Neyman Orthogonality in Linear Regression

Introduction

This article builds intuition for Neyman orthogonality—a key component of Double/Debiased Machine Learning (DML). Throughout, we focus on ordinary least squares.

Consider estimating the coefficient $\theta_0$ on a variable of interest $D$ in a linear model with controls $X$ . Introductory econometrics courses typically discuss partialling out $X$ before estimating $\theta_0$ . Two variants of this idea lead to the same point estimate:

Procedure A (partial $D$ only): residualize $D$ with respect to $X$ , then regress $Y$ on $\tilde{D}$ .
Procedure B (partial both): residualize both $Y$ and $D$ with respect to $X$ , then regress $\tilde{Y}$ on $\tilde{D}$ .

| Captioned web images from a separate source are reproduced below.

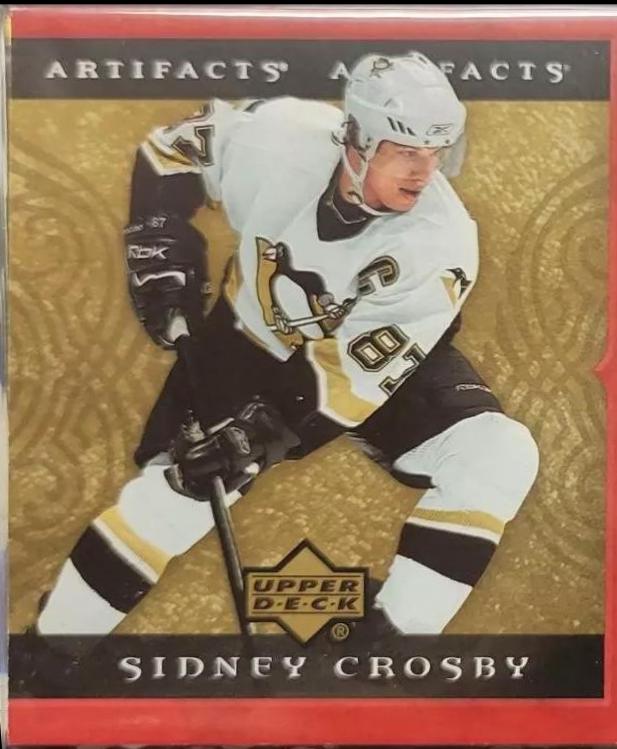 Sidney Crosby #TS-SC Hockey Cards 2007 Upper Deck Artifacts Treasured Swatches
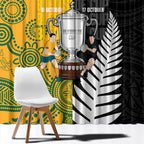 New Zealand Australia Rugby Bledisloe 2026 Window Curtain Champion Trophy Maori Aboriginal Art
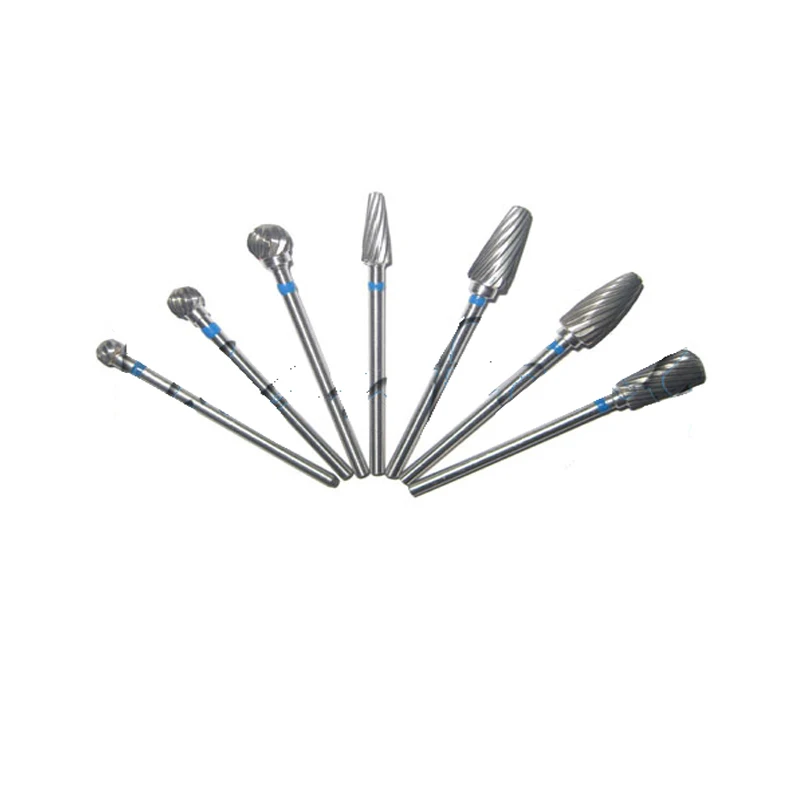 Dental Tungsten Carbide Bur Rotary File Trim Polish Metal Ceramic Resin Carving Any Hard Surface Item Medium Coarse 2.35mm Shaft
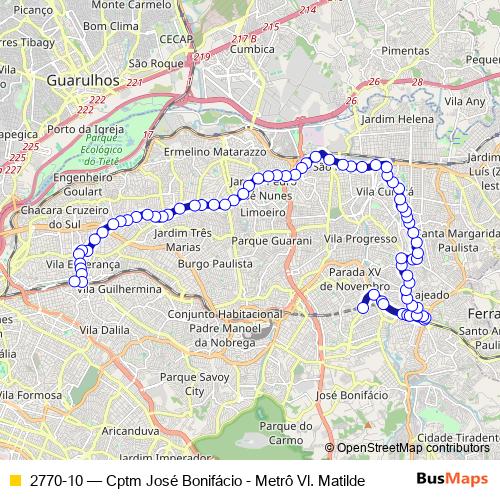 2770-10 bus Line Map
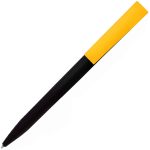 Ручка шариковая, пластиковая софт-тач, Zorro Color Mix, черная/желтая — изображение 2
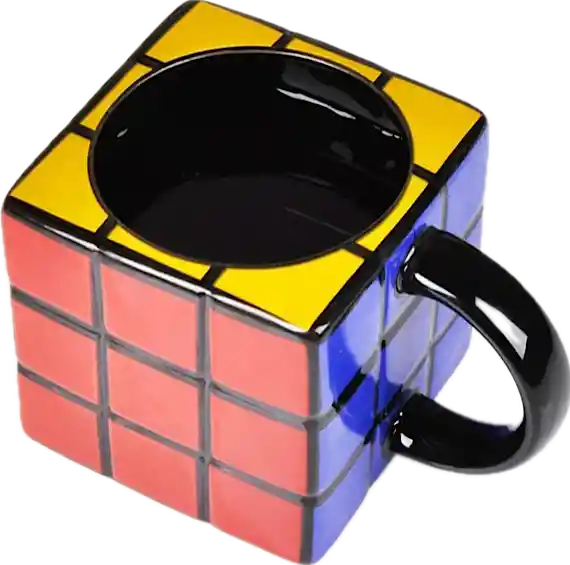 Pocillo Mug Taza 3d En Porcelana De Cubo Rubik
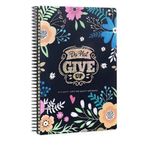 Gıpta Do Not Give Up Tasarımlı 17x24 120 Yaprak Çizgisiz Defter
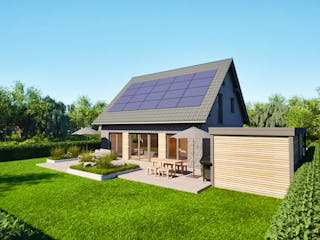 Massivhaus Entwurf NB126 von FAVORIT Massivhaus Schlüsselfertig ab 309848€, Satteldach-Klassiker Außenansicht 4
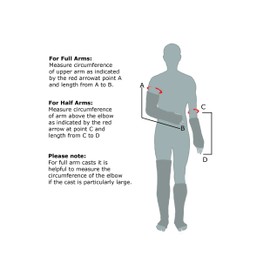 Children's Full Arm Waterproof Cast and Dressing Cover Age (Full Arm 4 to 5 Years Old)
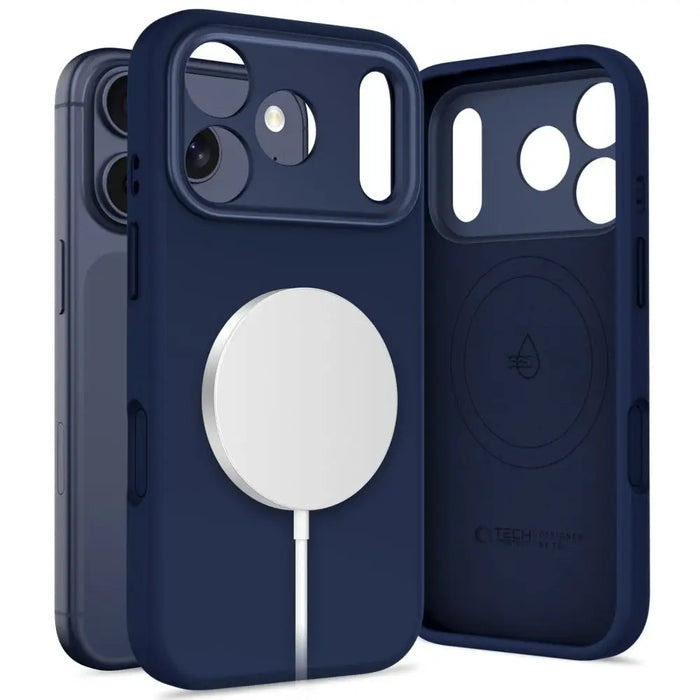 Кейс Tech-Protect Uniq MagSafe за iPhone 17 Pro - тъмносин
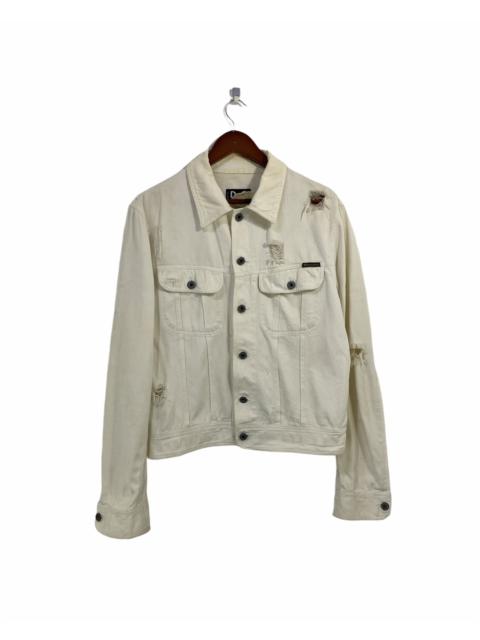 Dolce & Gabbana Dolce and Gabbana Cropped Jacket Destressed Denim Jacket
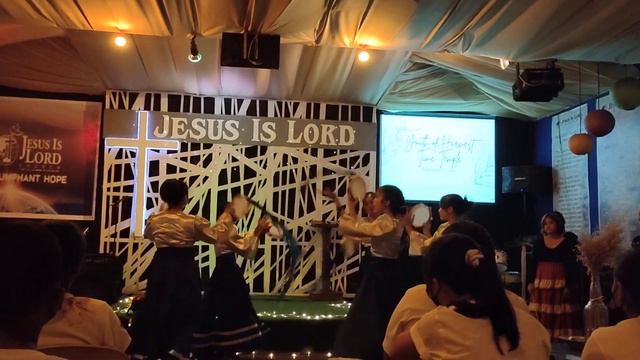 "RISEN" TAMBOURINE DANCE PRESENTATION||LIGHT FORCE смотреть онлайн
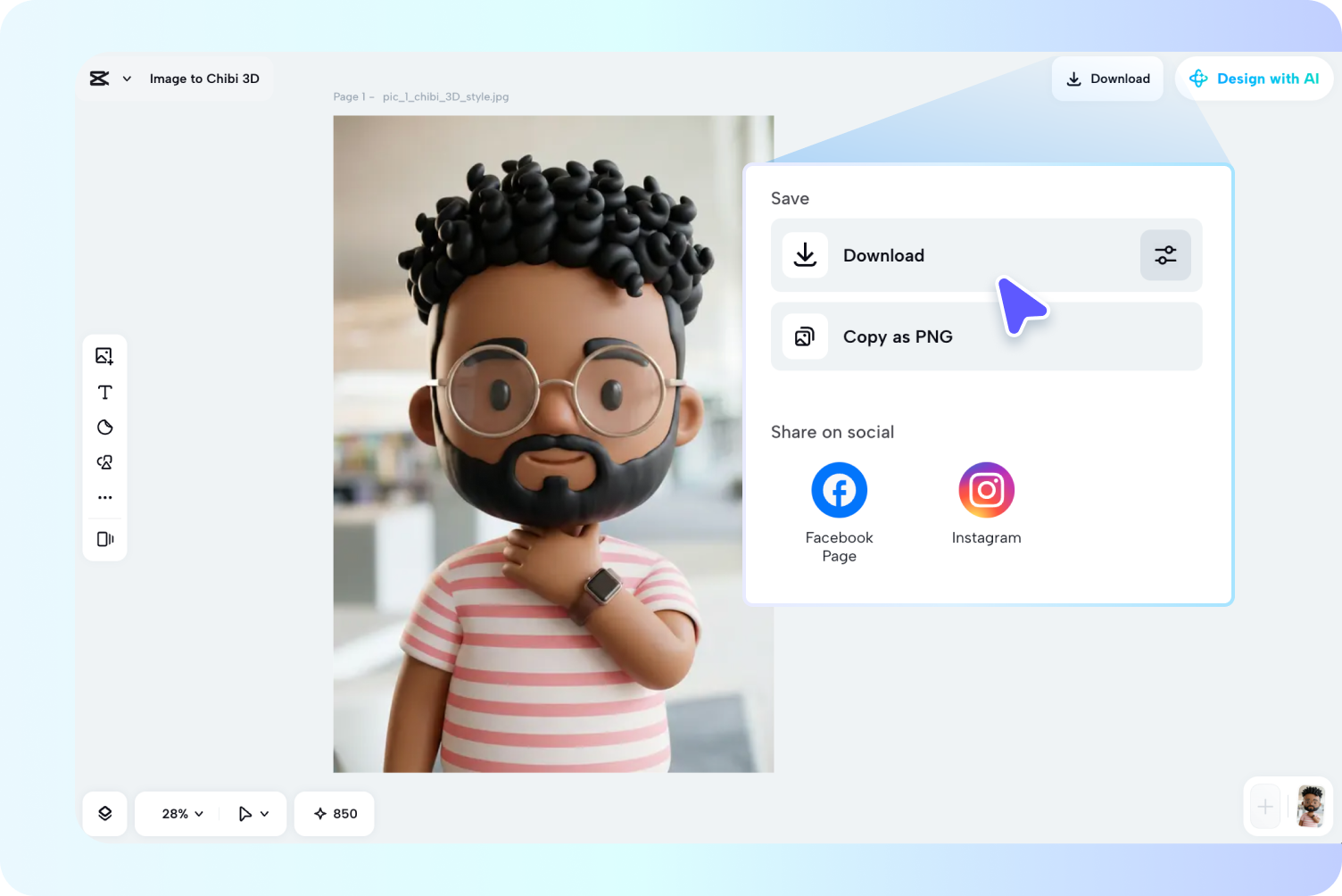 Export your finalized image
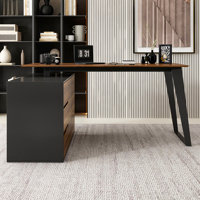 Cirena L-Shaped Desk by Loon Peak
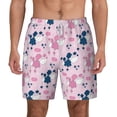 thumbnail image 3 of Uemuo Cartoon Poodle Dog Pattern Mens Swim Trunks Quick Dry Board Shorts with Mesh Lining, Stretch Beach Shorts Quick Dry No-Chafing Board Shorts-Small, 3 of 9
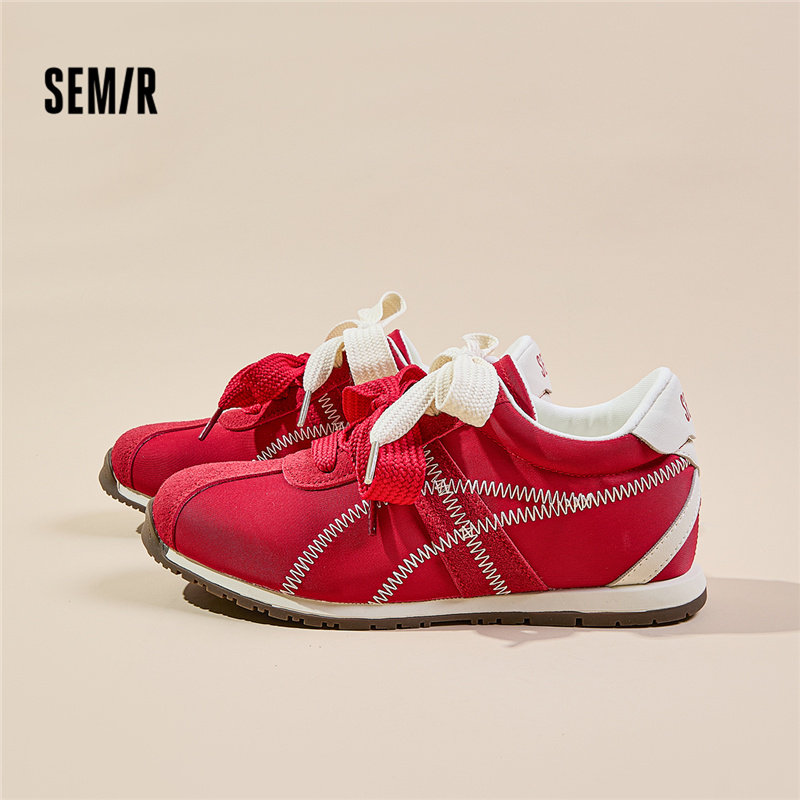 Semir旗舰店女鞋帆布鞋春季新款透气德训鞋厚底休闲百搭板鞋女,淘宝优惠券,粉丝福利购,淘宝优惠卷
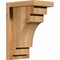 Ekena Millwork Mediterranean Rough Sawn Corbel w/Backplate, Western Red Cedar, 6"W x 8"D x 12"H COR06X08X12MED01RWR - alternate 1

It is tempting to take the first-step coefficients from partialling out $X$ from $D$ and $Y$ as given, and compute standard errors only for the second-step regression coefficient. As it turns out, this naive approach results in valid inference in Procedure B, but is incorrect for Procedure A. Here, we aim to explain why one procedure is immune to first-step estimation error while the other is not—a property conveniently summarized by the notion of Neyman orthogonality.

The article covers:

Setting up the two procedures and comparing their output to full OLS
Deriving how first-step estimation error propagates—or doesn’t—into inference about $\theta_0$
Introducing Neyman orthogonality and its implications
Discussing the bridge from OLS to nonparametric/ML first steps and ddml_plm

Two-Step Procedures with Identical Coefficient Estimates

To fix ideas, we generate data from a linear model with a single control:

$Y_i = \theta_0 D_i + \beta_0 X_i + U_i,$

where $D_i = \alpha X_i + V_i$ so that $X$ is correlated with both $D$ and $Y$ .

library(ddml)
set.seed(48105)

n <- 500
theta_0 <- 1
beta_0 <- 2
alpha <- 0.8

X <- rnorm(n)
V <- rnorm(n)
D <- alpha * X + V
U <- rnorm(n)
Y <- theta_0 * D + beta_0 * X + U

Procedure A: Residualize $D$ Only

For our first procedure, we partial out $X$ from $D$ , then regress $Y$ on the residual:

D_tilde <- residuals(lm(D ~ X))
fit_A <- lm(Y ~ D_tilde)

Procedure B: Residualize Both $Y$ and $D$

For our second procedure, we partial out $X$ from both $D$ and $Y$ , then regress the residuals on each other:

Y_tilde <- residuals(lm(Y ~ X))
fit_B <- lm(Y_tilde ~ D_tilde - 1)

Comparing to Full OLS

It is useful to compare both two-step procedures with conventional multiple regression.

library(sandwich)
library(lmtest)

fit_full <- lm(Y ~ D + X)

theta_A <- coef(fit_A)["D_tilde"]
theta_B <- coef(fit_B)["D_tilde"]
theta_full <- coef(fit_full)["D"]

se_A <- sqrt(diag(vcovHC(fit_A, type = "HC0")))["D_tilde"]
se_B <- sqrt(diag(vcovHC(fit_B, type = "HC0")))["D_tilde"]
se_full <- sqrt(diag(vcovHC(fit_full, type = "HC0")))["D"]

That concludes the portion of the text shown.